What the exercise asks — When you reach a picture, skip it, and retype every line below exactly.

Input data —
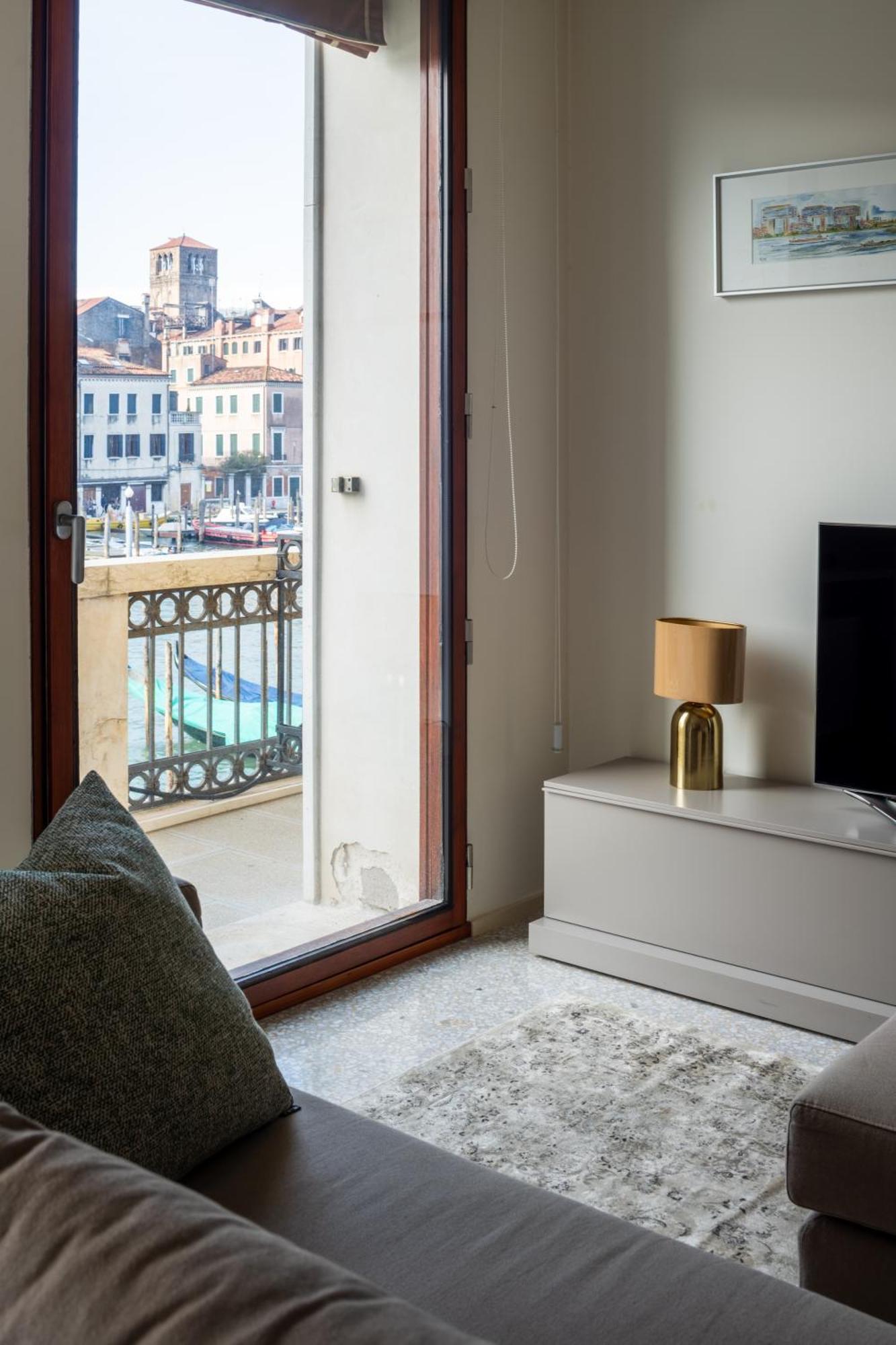 Grand Canal Luxury Apartment With Terrace R&R Venice Ngoại thất bức ảnh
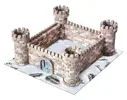 Cihličková stavebnice Hrad Orlí hnízdo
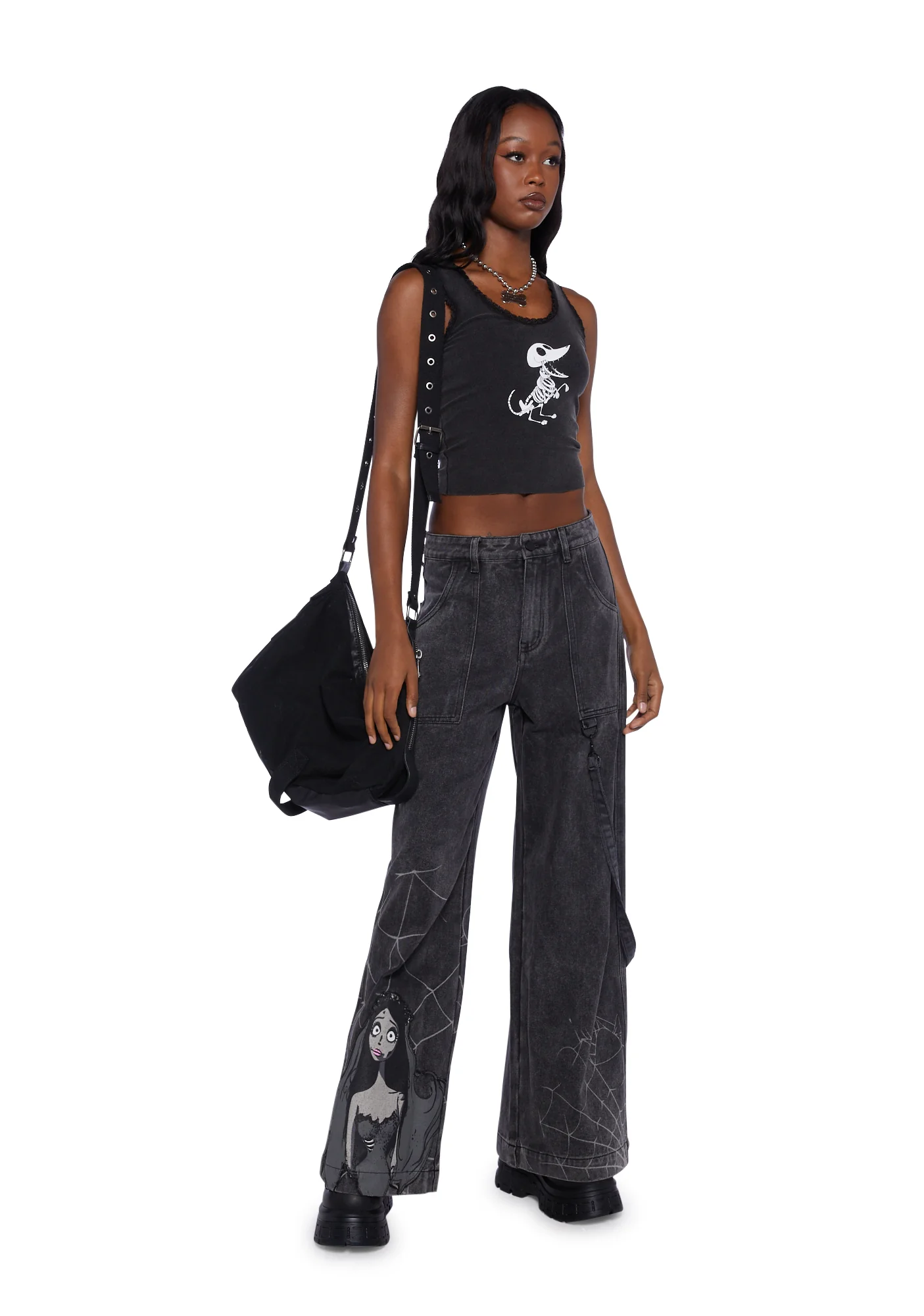 Grave Misunderstanding Twill Pants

Answer for the task —
 Grand Canal Luxury Apartment With Terrace R&R Venice Ngoại thất bức ảnh
 Cihličková stavebnice Hrad Orlí hnízdo
 Grave Misunderstanding Twill Pants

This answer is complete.